The companies that implement category design stand a chance of defining, developing and then dominating an entirely new category of business. It's not hard to think of such category kings, because they're so tightly associated with the category they created. Today's category kings are companies like Salesforce.com, Uber, Google, Facebook, Amazon.com and Apple with its iPhone and iPad. Historic category kings include Kodak, Xerox, Coca-Cola.

In business, the odds are stacked against any one company becoming a category king. Yet we're in an era when the category king wins big and everyone else goes home. If the odds are the same for every company, your company needs to make decisions and implement a strategy that gives it the best chance to beat the odds and beat competing companies.

An occasional category king might be almost entirely the result of luck. But most category kings are not an accident. Many start out with a lucky break, addressing a seemingly small problem that later taps into big demand at exactly the right time. But those companies usually develop and dominate their new categories by making skillful decisions and executing on a purposeful plan.

So there are three things an entrepreneur needs to do to improve his or her odds of success: product design, company design and category design. They may not always happen at the exact same time, but they all must be done.

Entrepreneurs typically start out focusing on product design. They're just trying to build something that works. Product design is the purposeful building of a product and experience that solves the problem the market needs solved. The goal is what is traditionally called a great product/market fit--in other words, a great product/category fit.

Once a company does that, management often turns to company design--figuring out what the company will be like and how it will operate. Company design is the purposeful creation of a business model and an organization with a culture and point of view. The goal is a great company/category fit.

And then...most business leaders stop. They forget that the product and company don't exist in a vacuum--they exist in a space, and if the company doesn't design that space, someone else will, like maybe a competitor. The company that defines the space usually wins it.

Category design, then, is the mindful creation and development of a new market category, designed so the category will pull in customers who will then make the company its king. In marketing terms it's the "air wars"-- winning the war for popular opinion, teaching the world to abandon the old and embrace the new. Category design builds the profile of the space while drawing attention to the company creating it.

There are a million ways to do category design. Here, we describe some of the steps that have helped build recent and past category kings. They include:

-Do a deep dive to discover the category you're creating. Typically, a category is defined either by a problem you can solve in new and unexpected way, or by a technology that solves a problem people didn't even know they had. When Steve Jobs introduced the iPad, he called it a new category of product that sat between the iPhone and laptop. Before that, people didn't know they needed a product in that space. But once Jobs presented the category, the market got it.

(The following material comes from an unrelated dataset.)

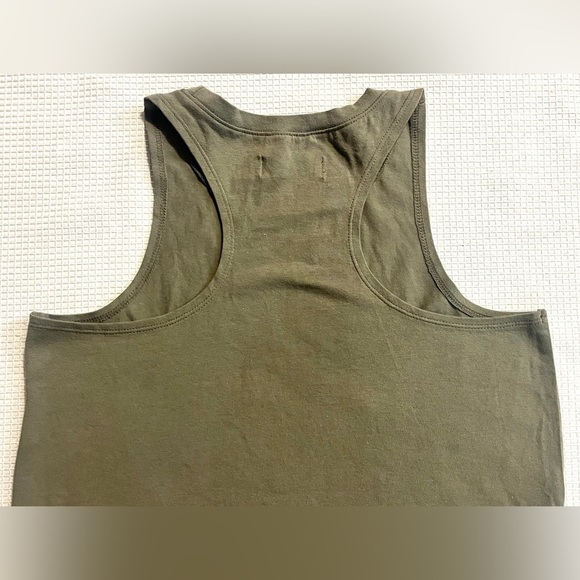 Hollister Women’s Olive Green Tank Top with Lace Hem Size XS - Picture 13 of 13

-Develop a powerful point of view--or POV--about the category. This is a story that will help the market move from the old way of thinking to your way of thinking--we call it "conditioning the market." The POV is also a way to define the new space on your terms, making it harder for any competitor to claim the space.

-Evangelize the category throughout every part of your company. Every employee needs to buy into the POV. If they do, they will all act in unison to help create a category king.

-Generate "lightning strikes" meant to grab the market's attention and believe that your company is doing something important. These might be stand-alone events, a hijack of an existing industry conference, or a blow-out product launch. The blitz around a new Hollywood blockbuster--including ads, TV appearances by stars, promotional events--is a great model for a lightning strike.

-Using your category to de-position previous categories. Disruption is a by-product of creating a new category that happens to suck the life out of an old category--the way Salesforce.com's cloud-based software emasculated the on-premise CRM software industry. Disruption should never be a goal, but it will be an outcome if you create a great category.

The legendary, enduring companies get the three elements of company design, product design, and category design in such a state of synchronicity, they reinforce each other and build momentum. These enduring companies create and expand categories over and over. Amazon.com has been a master at creating new categories at the same time as it creates a new product while also making sure the company fits the category. It did this with the Kindle e-reader and with Amazon Web Services cloud computing.

And this cycle of product, company and category design is not just for tech startups. Corning has pulled off this kind of strategy over and over for 165 years, and is still doing it today with new categories of glass that never before existed. One of the greatest category creation events in computing history was orchestrated by IBM when it brought out its System/360 computer in 1964, more than fifty years after the company was founded.

Just remember: a great category creates a great company and product, not the other way around. If you can't build and evangelize a great category, the company and product will probably never get traction.